Why can't the oil stocks catch a serious bid?
It's simple: we are producing too much to let oil stay up too long. In fact $60 is such a terrific price for companies that need to raise cash to keep drilling that the sale of futures at those prices is too bountiful to ignore. We keep a lid on oil. Our country. We should be having our own OPEC meeting made up of an organization of petroleum states with North Dakota, Colorado, Alaska, New Mexico, Louisiana and Texas presiding, with Texas being our own Saudi Arabia.
The dumb money refuses to believe it. The smart money always surfaces as a seller. At 4:45 am Exxon Mobil (XOM) was trading up $1.75. It looked like quite a day. An hour after it opened it was up about 50 cents.

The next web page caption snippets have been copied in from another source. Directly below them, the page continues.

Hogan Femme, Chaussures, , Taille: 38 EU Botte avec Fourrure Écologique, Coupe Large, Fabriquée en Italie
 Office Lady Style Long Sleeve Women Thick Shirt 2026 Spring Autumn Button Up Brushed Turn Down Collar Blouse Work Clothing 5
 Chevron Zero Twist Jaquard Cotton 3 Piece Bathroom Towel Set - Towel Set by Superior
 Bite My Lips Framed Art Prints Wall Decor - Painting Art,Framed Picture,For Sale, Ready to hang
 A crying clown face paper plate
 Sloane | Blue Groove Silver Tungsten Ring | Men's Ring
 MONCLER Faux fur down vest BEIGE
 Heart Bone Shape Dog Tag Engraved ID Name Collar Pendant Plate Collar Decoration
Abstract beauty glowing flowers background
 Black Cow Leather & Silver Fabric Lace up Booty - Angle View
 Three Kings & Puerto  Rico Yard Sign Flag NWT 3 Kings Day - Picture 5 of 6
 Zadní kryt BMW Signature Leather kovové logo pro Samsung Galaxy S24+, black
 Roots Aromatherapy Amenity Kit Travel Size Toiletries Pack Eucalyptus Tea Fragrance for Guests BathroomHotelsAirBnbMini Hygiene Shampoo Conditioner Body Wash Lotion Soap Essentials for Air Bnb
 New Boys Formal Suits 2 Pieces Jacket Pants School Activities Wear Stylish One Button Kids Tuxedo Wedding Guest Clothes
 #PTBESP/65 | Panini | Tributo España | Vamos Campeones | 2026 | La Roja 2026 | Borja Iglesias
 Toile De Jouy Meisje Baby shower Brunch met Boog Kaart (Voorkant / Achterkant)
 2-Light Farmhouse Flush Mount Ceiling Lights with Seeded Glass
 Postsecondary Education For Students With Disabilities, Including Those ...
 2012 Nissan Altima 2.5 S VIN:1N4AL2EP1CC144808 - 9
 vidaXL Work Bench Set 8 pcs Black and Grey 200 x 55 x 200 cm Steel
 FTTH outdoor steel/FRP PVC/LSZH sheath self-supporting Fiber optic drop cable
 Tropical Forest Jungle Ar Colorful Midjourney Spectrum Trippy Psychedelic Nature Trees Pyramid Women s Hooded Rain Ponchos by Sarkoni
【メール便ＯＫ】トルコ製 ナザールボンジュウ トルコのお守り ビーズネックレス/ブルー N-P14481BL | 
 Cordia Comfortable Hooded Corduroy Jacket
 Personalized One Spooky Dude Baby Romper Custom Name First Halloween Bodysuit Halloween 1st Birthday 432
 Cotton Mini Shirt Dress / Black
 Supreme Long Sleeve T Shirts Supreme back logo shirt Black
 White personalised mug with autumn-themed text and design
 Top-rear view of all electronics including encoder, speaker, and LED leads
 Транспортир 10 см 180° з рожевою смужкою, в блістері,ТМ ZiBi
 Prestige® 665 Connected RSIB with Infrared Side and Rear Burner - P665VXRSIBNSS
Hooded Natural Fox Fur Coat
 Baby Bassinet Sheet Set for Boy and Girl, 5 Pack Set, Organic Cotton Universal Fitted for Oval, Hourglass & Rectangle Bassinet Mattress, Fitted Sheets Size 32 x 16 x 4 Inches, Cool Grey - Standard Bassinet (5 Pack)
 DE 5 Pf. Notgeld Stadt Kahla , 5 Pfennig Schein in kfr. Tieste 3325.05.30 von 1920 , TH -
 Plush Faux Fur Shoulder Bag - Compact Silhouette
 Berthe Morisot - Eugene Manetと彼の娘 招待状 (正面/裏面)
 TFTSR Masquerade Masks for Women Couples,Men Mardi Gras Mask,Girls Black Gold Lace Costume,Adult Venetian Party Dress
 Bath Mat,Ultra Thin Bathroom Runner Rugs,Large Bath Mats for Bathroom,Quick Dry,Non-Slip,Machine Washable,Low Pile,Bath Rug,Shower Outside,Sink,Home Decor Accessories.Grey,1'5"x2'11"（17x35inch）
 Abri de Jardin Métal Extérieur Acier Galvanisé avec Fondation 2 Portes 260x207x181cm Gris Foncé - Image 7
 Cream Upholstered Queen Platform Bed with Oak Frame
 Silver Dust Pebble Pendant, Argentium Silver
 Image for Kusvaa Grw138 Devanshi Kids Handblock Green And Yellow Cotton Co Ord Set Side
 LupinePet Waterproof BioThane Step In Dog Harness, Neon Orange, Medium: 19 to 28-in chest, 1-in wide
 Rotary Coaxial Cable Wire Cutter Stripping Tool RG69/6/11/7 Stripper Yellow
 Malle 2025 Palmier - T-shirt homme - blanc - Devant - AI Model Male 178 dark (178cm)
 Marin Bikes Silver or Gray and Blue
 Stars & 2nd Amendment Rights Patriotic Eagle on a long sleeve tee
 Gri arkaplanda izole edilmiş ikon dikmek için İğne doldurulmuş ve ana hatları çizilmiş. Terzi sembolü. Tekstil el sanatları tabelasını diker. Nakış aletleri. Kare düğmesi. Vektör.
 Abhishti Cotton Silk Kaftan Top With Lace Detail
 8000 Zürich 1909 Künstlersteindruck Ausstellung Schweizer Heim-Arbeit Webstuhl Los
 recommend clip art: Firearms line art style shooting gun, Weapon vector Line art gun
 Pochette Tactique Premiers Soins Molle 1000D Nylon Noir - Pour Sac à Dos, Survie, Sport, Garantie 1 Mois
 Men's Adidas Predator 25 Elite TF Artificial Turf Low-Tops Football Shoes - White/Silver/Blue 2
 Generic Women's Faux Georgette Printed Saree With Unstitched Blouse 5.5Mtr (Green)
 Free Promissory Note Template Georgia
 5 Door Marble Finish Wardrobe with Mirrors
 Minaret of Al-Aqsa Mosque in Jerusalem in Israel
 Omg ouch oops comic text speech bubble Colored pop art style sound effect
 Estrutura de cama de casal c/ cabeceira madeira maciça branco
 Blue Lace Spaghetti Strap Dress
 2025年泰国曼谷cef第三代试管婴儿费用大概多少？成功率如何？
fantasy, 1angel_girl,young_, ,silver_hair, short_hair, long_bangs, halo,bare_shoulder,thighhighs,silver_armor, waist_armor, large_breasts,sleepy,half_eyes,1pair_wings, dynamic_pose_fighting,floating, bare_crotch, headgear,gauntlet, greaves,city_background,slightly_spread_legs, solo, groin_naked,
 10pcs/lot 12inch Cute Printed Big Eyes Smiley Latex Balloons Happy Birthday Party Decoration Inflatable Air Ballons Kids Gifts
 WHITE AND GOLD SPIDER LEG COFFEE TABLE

The pajama traders got fleeced again.
Now there are a whole lot of forces going on in our country to explain this stubborn resistance by the oil stocks to the moves we used to expect. First, we have more than doubled oil production in the last five year, taking it from a little more than five to almost 12 million barrels a day. Second, according to Scott Sheffield, the man who first predicted that doubling on Mad Money, we should be up to 17 million barrels in another five years. Or maybe more. His last appearance on Mad Money not that long ago sent a shudder through me given that Action Alerts PLUS owns some oil stocks that have been real duds, even as we were lucky enough to own Anadarko (APC) itself.
I know that Chevron (CVX) wanted to pay a great deal for Anadarko because of those Permian possibilities. But Vicki Hollub, the CEO of Occidental (OXY) seemed to be willing to pay any price to get that acreage. She must be ready to drill 10,000 wells. She will have to if she wants a payback equal to the 8% money she borrowed from the esteemed Warren Buffett who sure extracted his bond this time.
Why can't we absorb all of this oil and, instead, are exporting about 8 million barrels a day even as we import almost 10 million barrels (mismatch related to types of crude - most of our exports are non-crude oils) We have good growth in the country so shouldn't we have to import much more?
First, the technology keeps getting better and better. Our rig count is down year over year but our increase could be as much as a million barrels a day.
Second, natural gas is almost worthless so almost all new drilling is crude-related.
Third, we have gigantic conservation efforts - electricity use is down 7% year over year, and as one of my oil experts, Kyle Cooper, explains, a lot of that is because of the change in more conservation-oriented light bulbs. So even though we keep upping our export figures for natural gas to about 6 million bcf per day, up from nothing just a few years ago, we are still flaring more than we are using!
Given those circumstances it's hard to justify an investment in the group. Couple that with millennial investment managers who regard oil like coal, a dirty wasting asset, and you have stocks that even on the biggest up days for oil, can't get out of their own way.